I think I said enough last time about what the Saudi incursion says about the broader structure of soccer, so I won't subject you to a rehash of that here. The only thing I'll note there is that, while the flurry of high-profile signings has certainly cooled since those first couple transfer windows, at this point it does seem like the Saudis are committed to the bit. Anyone thinking this might turn out to be another short-lived phenomenon like the Chinese Super League should probably already be thinking otherwise.
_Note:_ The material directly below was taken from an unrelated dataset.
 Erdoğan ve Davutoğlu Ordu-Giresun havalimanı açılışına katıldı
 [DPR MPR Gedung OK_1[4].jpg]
Instead of a zoomed-out look at the state of the game, let's focus on the player himself this time. Durán is so good. I really think that the only thing standing between him and widespread acclaim as one of the best strikers in the world is playing time. Like any player, he of course has things he could improve on, and like any young player, his game of course has aspects that need ironing out in order for him to reach his full potential. But with him it's less about projecting whether or not he'll develop the skills necessary to become an elite player and more a simple matter of him revealing that he already is.
That's part of what's so depressing about Durán leaving for Saudi Arabia. Few things in sports are more rewarding that witnessing a young talent you're sure will soon explode do just that. Durán's explosion seemed practically inevitable, as was the likelihood that the resulting fireworks would regularly dazzle the sky of London or Manchester or Barcelona or even Paris depending which of the big clubs snapped him up, giving the greater part of the soccer world a literal or metaphorical front-row seat to the show. His talent is so immense already that I still think Durán will explode (worse environments have proven able to light the fuses of great players, and it can't be denied at this point that the SPL is a serious, challenging league), but it's a damn shame that most of us won't get to see it the way we otherwise would have.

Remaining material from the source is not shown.